--- START ---

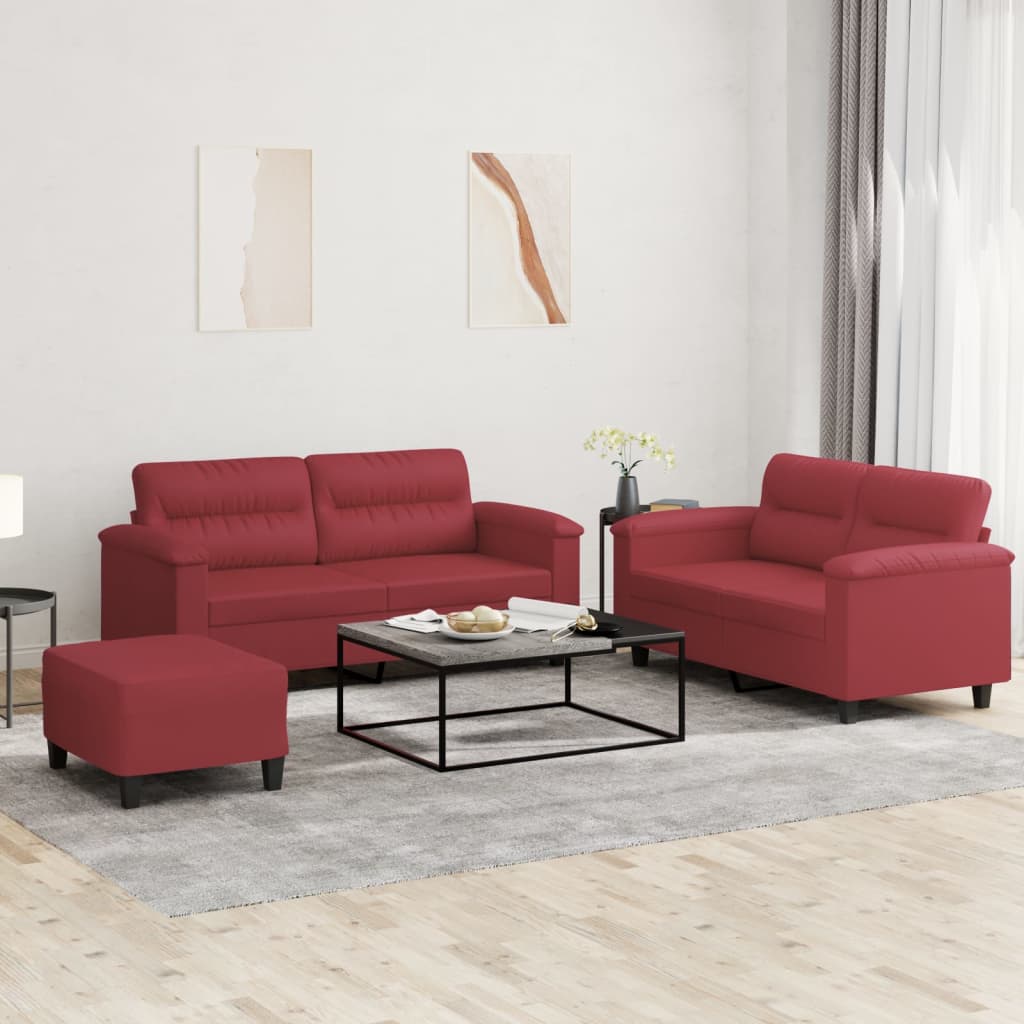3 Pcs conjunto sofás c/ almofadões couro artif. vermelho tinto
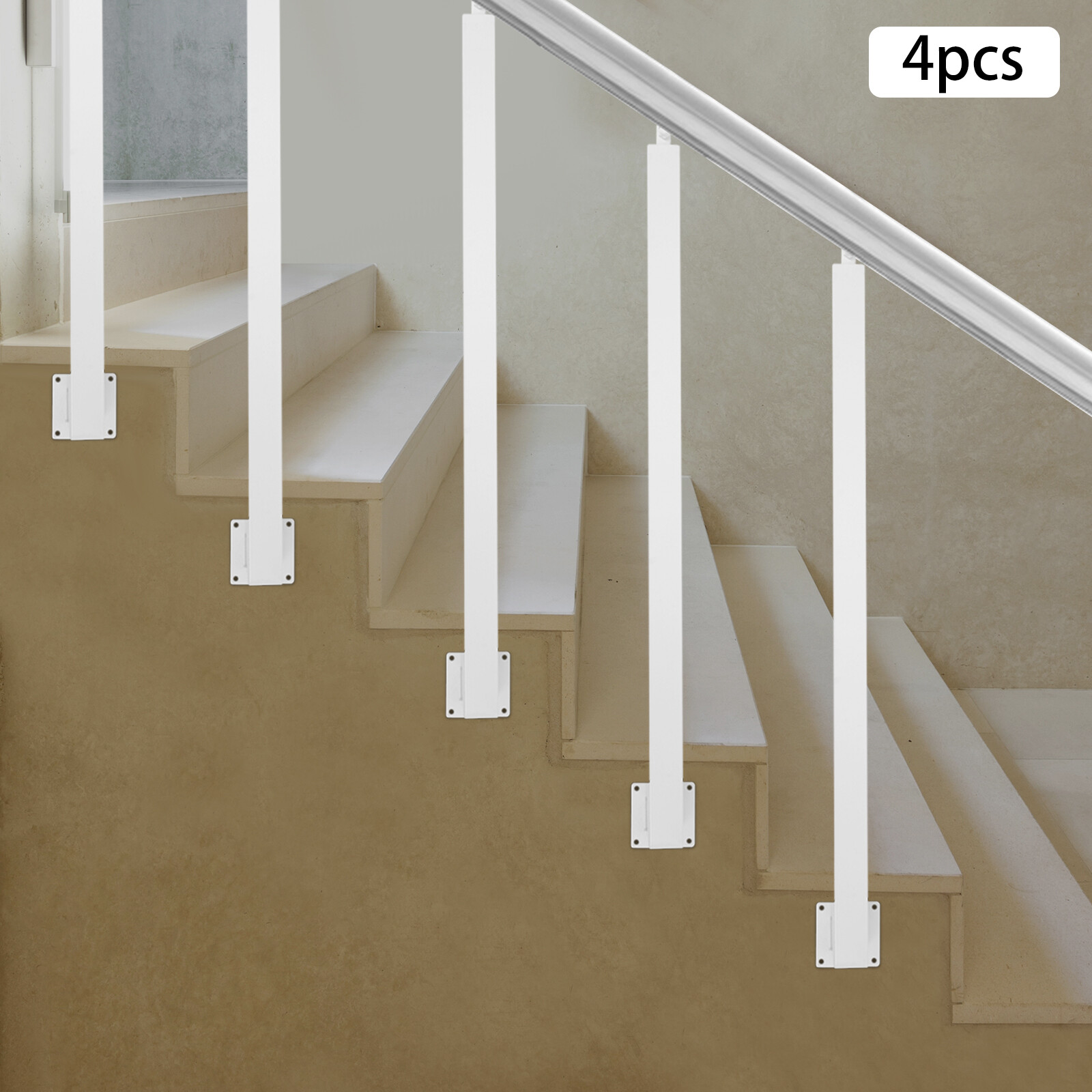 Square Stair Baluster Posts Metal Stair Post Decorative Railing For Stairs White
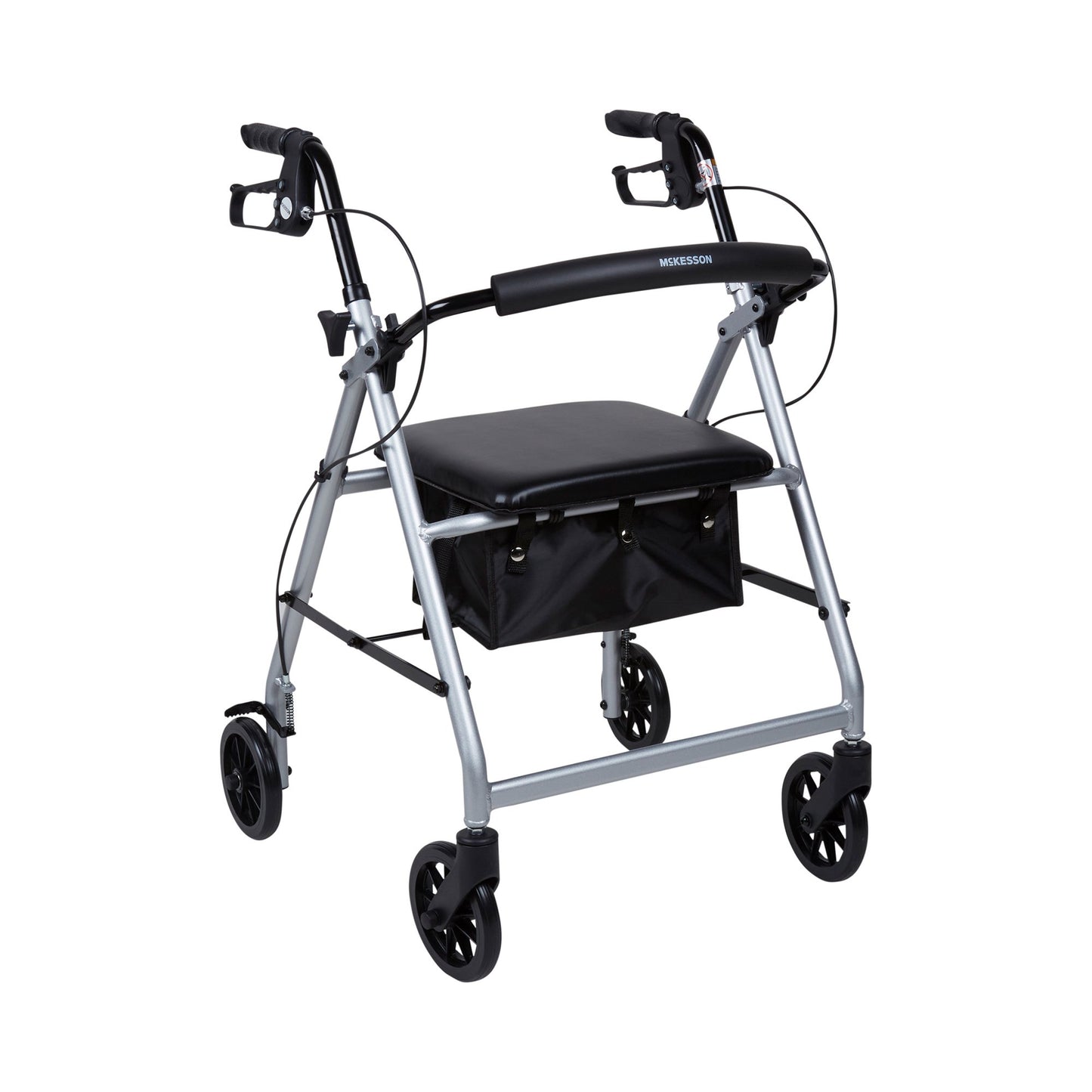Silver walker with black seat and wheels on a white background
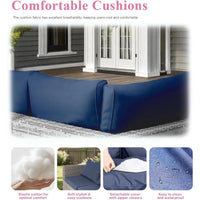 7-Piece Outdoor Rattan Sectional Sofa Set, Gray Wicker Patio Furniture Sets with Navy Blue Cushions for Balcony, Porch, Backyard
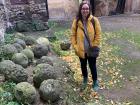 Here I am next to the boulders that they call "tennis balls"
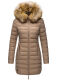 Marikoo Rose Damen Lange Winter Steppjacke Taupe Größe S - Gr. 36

--- END ---

HOW TO COMPLETE THIS TASK —
Return the line containing "Square Stair Baluster" and every line after it through the end of the records above, exactly and nothing else, but not the pictures.

SOLUTION TO THE EXERCISE —
 Square Stair Baluster Posts Metal Stair Post Decorative Railing For Stairs White
Silver walker with black seat and wheels on a white background
 7-Piece Outdoor Rattan Sectional Sofa Set, Gray Wicker Patio Furniture Sets with Navy Blue Cushions for Balcony, Porch, Backyard
 Here I am next to the boulders that they call "tennis balls"
 Marikoo Rose Damen Lange Winter Steppjacke Taupe Größe S - Gr. 36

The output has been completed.